In my most elemental core, I’m not an optimist. I can see the dark side of most everything and it’s not something I’m proud of. It would be like not being proud of freckles or red hair or a big nose. I can’t easily change it and I certainly would if I could.
My wife accusingly teases me of living in the past. She’s right. I do live in the past. I have way more past than future and it’s only natural to gravitate toward times of youth, times of wonder, and times of less worry. I’m not one to say the old days were better ( I don’t believe that) but I do believe that some old days were better. For me, anyhow.
But when I’m at my optimistic best, there are a few touchstones that I gravitate toward. Music, family, laughter, food, courage and resilience.
I haven’t travelled extensively but I’ve worked with people from all over the world, from every habitable continent. And I’ve learned a few things. Everyone loves music. Maybe not the same kind of music but music lifts souls across the globe in ways that are indistinguishable by geography.
I’ve seen African, East Asian, South American children in their strollers on the bus, cared for by tired mothers and the children laugh and cry in the same language. They love hugs and kisses, distractions and tickles. We’re all the same. It’s ridiculous that we spend our youths and adult hoods learning about our differences instead of the innumerable amount of things we have in common.

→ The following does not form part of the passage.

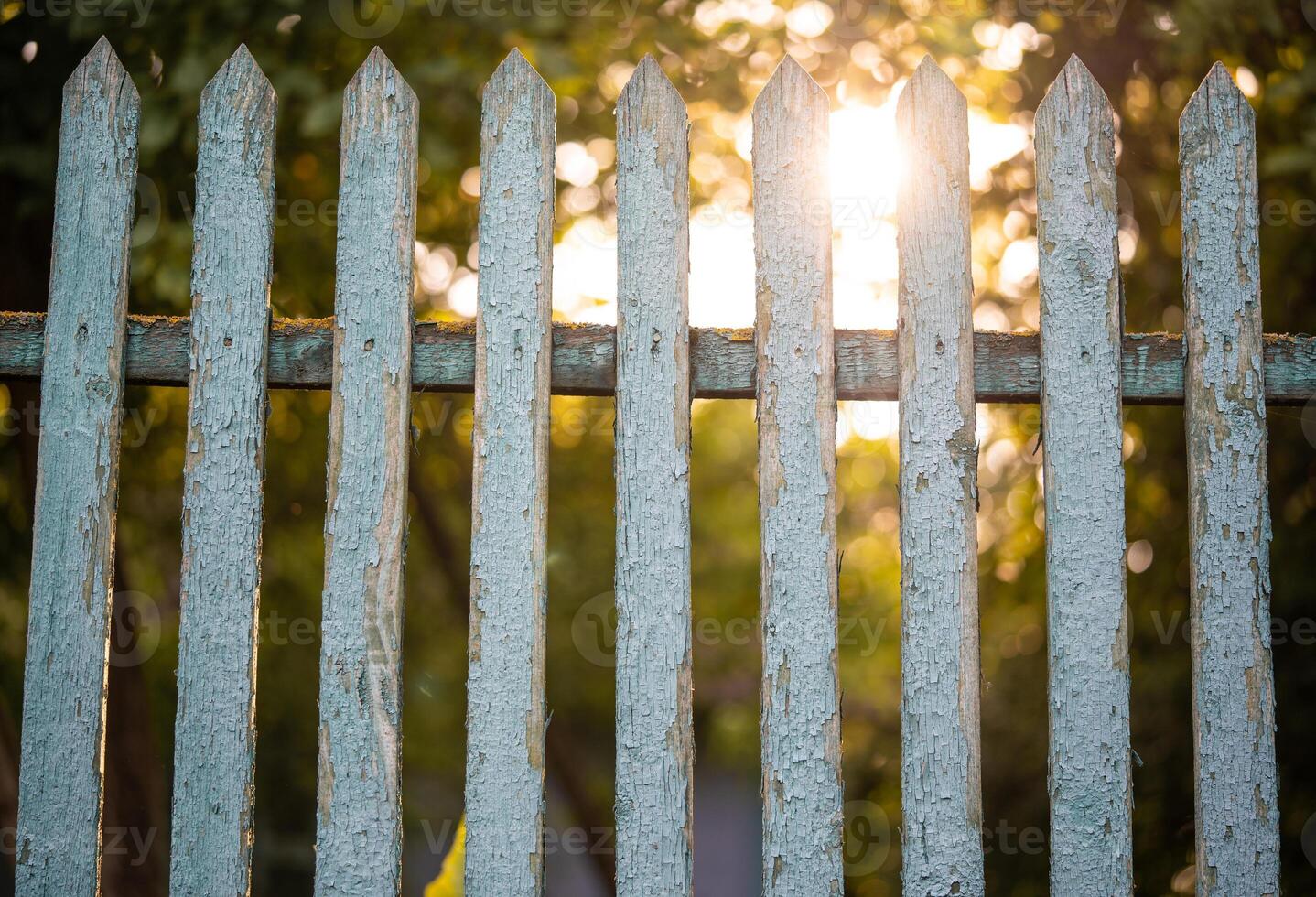 beautiful wooden fence in the village in the contrast sunlight photo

Music is a difficult thing for me. At times it’s the most personal language I can speak. And I feel like I’m the only one who completely understands that language. At other times, I think of it as the most inclusive, universal language we’ve invented as humans. I believe that music and mathematics are two sides of the same coin. Twins, they are. One’s the analytical one and one’s the creative one. And from day to day that assignation is reversible.
I love the group Choir, Choir, Choir. It brings people together in a way that nothing else does. Everyone is a singer. Everyone is soulful. Everyone feels it. Check them out. It lifts my spirit.

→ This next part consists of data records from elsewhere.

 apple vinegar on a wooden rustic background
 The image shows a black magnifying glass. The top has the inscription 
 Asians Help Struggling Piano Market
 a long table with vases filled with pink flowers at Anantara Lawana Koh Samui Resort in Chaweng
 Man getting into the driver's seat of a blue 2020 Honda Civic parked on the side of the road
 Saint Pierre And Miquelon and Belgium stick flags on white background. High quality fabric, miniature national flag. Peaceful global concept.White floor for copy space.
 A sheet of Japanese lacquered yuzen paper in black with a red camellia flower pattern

I read a book recently that had the Battle of Vimy Ridge as a plot point. And the Canadian kid, who was of German decent, could hear the Germans in the nearby trenches talking to each other. He understood their words and understood that they were speaking of the same things the Canadian kids were speaking of in the trenches. Girls back home, mom’s cooking, the bible, music, love. We’re all the same.
I’m going to the war museum tomorrow and I’m going to think about my ancestors who gave up their youth and their lives but I’m also going to think of the boys on the other side who gave up everything as well. They all gave up the same things because they all loved the same things. The only difference is the colours they died for. And the prayers they said as they breathed their last breaths.